3.5.4. Umgang mit Sozialen Medien

(1) Seminarleitung, Mitarbeitende sowie Seminaristen repräsentieren in ihrer je unterschiedlichen Rolle das Priesterseminar insgesamt. Dies spiegelt sich auch im verantwortlichen und reflektierten Umgang mit Medien, besonders in den sozialen Netzwerken wider. (2) Seminarleitung, Mitarbeitende und Seminaristen sollen in den sozialen Netzwerken eine Haltung zeigen, die sich mit den Grundsätzen der katholischen Kirche wie mit ihrer je spezifischen Rolle vereinbaren lässt. (3) Digitales Suchtverhalten ist wie jedes andere Suchtverhalten zu behandeln; gegebenenfalls greifen hier die diözesanen Suchtleitlinien.

3.6. Gefahrenpotentiale von Gebäude und Grundstück

(1) Die Essensgäste, die werktags am späten Vormittag zu einer warmen Mahlzeit an die Pforte kommen, stellen in ihrer überwiegenden Mehrheit kein Risiko dar. (2) Jeder Hausbewohner und alle Mitarbeiterinnen und Mitarbeiter haben die Möglichkeit, bei Fehlverhalten von Essensgästen das Hausrecht durchzusetzen. (3) Jeder Hausbewohner und alle Mitarbeiterinnen und Mitarbeiter haben die Möglichkeit, bei fremden oder unbekannten Personen auf dem Grundstück das Hausrecht durchzusetzen.

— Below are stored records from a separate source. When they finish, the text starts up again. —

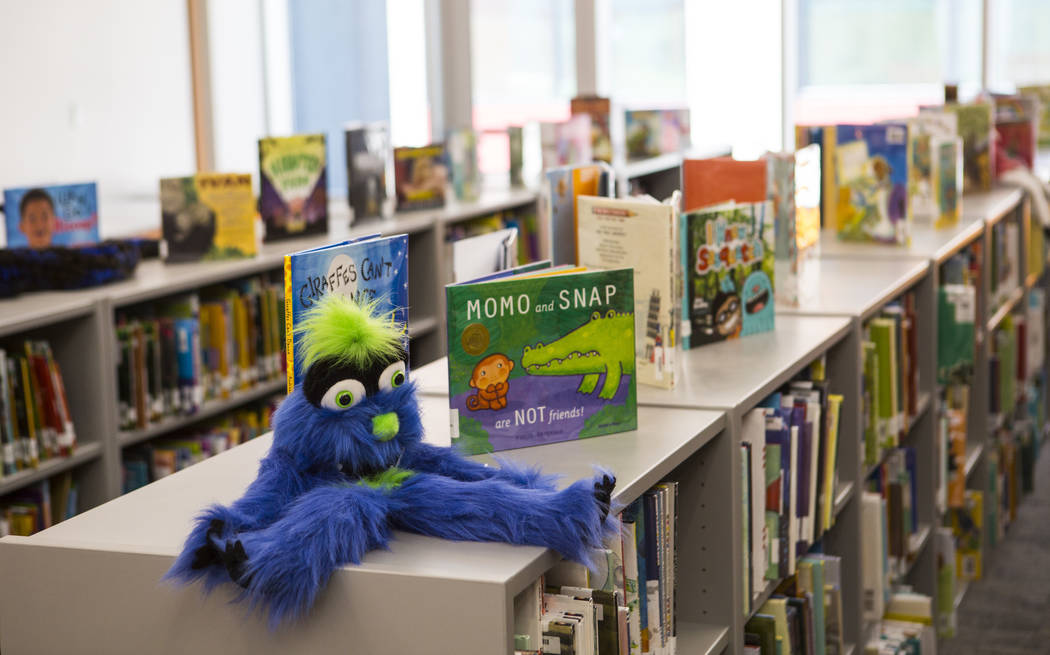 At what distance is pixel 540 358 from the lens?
68.9 inches

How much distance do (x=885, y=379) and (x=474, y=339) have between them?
1.55m

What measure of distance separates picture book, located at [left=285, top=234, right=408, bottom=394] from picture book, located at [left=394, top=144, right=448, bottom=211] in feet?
9.59

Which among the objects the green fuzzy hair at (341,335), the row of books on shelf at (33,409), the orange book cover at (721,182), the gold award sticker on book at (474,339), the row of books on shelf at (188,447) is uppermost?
the orange book cover at (721,182)

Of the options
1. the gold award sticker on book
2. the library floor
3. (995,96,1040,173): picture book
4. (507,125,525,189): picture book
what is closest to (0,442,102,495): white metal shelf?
the gold award sticker on book

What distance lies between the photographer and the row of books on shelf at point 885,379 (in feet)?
9.41

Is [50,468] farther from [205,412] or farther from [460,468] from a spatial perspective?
[460,468]

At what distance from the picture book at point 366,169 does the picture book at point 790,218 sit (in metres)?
1.85

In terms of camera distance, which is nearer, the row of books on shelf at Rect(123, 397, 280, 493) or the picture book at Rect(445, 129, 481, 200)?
the row of books on shelf at Rect(123, 397, 280, 493)

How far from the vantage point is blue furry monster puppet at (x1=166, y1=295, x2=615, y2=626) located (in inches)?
52.3

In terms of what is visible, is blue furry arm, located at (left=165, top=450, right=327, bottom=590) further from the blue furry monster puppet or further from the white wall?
the white wall

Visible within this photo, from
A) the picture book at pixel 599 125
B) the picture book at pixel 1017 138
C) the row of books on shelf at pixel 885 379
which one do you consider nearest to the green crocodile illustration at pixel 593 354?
the row of books on shelf at pixel 885 379

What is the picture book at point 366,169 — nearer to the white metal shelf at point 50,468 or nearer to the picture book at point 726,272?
the white metal shelf at point 50,468

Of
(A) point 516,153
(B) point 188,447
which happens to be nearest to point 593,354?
(B) point 188,447

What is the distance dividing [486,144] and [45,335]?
501 centimetres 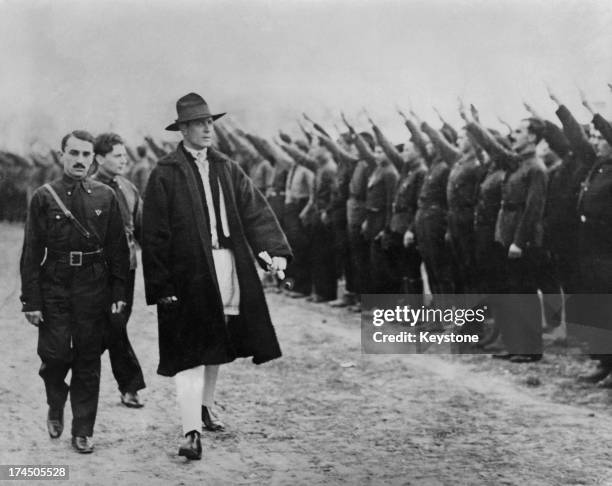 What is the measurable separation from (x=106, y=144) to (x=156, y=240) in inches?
42.8

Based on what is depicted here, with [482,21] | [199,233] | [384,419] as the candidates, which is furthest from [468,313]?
[199,233]

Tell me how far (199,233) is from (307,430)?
4.35 ft

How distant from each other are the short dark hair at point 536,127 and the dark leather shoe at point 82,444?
3892 mm

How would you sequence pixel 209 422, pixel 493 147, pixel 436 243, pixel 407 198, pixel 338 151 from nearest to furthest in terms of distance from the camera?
pixel 209 422, pixel 493 147, pixel 436 243, pixel 407 198, pixel 338 151

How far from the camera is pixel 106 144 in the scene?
19.6ft

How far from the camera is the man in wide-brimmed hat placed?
5.10 metres

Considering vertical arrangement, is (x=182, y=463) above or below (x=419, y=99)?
below

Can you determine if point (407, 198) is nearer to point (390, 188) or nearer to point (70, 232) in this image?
point (390, 188)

4. Prävention und Transparenz

4.1. Curriculum zur Prävention während der Priesterausbildung

Das Curriculum zur Prävention bildet den beständigen Lernprozess ab und umfasst die drei vom Priesterseminar verantworteten Ausbildungsabschnitte Propädeutikum, Studienphase und Pastoralkurs. Insgesamt ergibt sich dabei ein Workload von etwa 475 Arbeitsstunden, der sich wie folgt zusammensetzt:

Propädeutikum (Abweichungen sind bei Seminaristen möglich, die ein anderes Propädeutikum absolviert haben):

(1) eLearning-Programm der Erzdiözese München und Freising (20 h)
(2) Einführung in die Bedeutung der Psychologie für die Priesterausbildung und Seelsorge durch den Spiritual, 2 Semesterwochenstunden (= SWS) über 1 Semester (22 h)
(3) Diakoniepraktikum samt Reflexion (6 SWS, nicht in den Workload eingerechnet)
(4) Zwei Halbtage Gruppensupervision (10 h)

Studienphase:

(5) mindestens einmal während der Studienphase biographische Exerzitien (30 h)
(6) Seminarkurs Zölibat mit Einheiten zur sexuellen Orientierung und Identität sowie zum verantwortungsvollen Umgang mit der Sexualität, 1 SWS über 2 Sem. (25 h)
(7) vierwöchiges Krankenhausseelsorgepraktikum mit Supervision zur Seelsorgepersönlichkeit(120 h)
(8) religionsdidaktische Übungen und Schulpraktikum samt Reflexion zur Lehrerpersönlichkeit, 2 SWS über ein Semester (25 h)
(9) Seminarkurs Psychologie zur Entwicklungspsychologie, 1 SWS (12 h)
(10) insgesamt 10 Tage Gruppensupervision: (60 h)
(11) zwei sechswöchige Gemeindepraktika samt Reflexion (nicht in den Workload eingerechnet)

Pastoralausbildung:

(12) einwöchiger Kurs zur Seelsorgepersönlichkeit (30 h)
(13) 12 Halbtage supervisorischer Leitfaden (36 h)
(14) einwöchiger Kurs zur Biographiearbeit, zu Nähe und Distanz im pastoralen Umgang (30 h)
(15) sieben Spiritualstage, verteilt auf zwei Jahre, zu den Themen Beziehung und geistliche Lebensform, dazu ein Wochenende zur Lebensgestaltung in der zölibatären Lebensform (55 h)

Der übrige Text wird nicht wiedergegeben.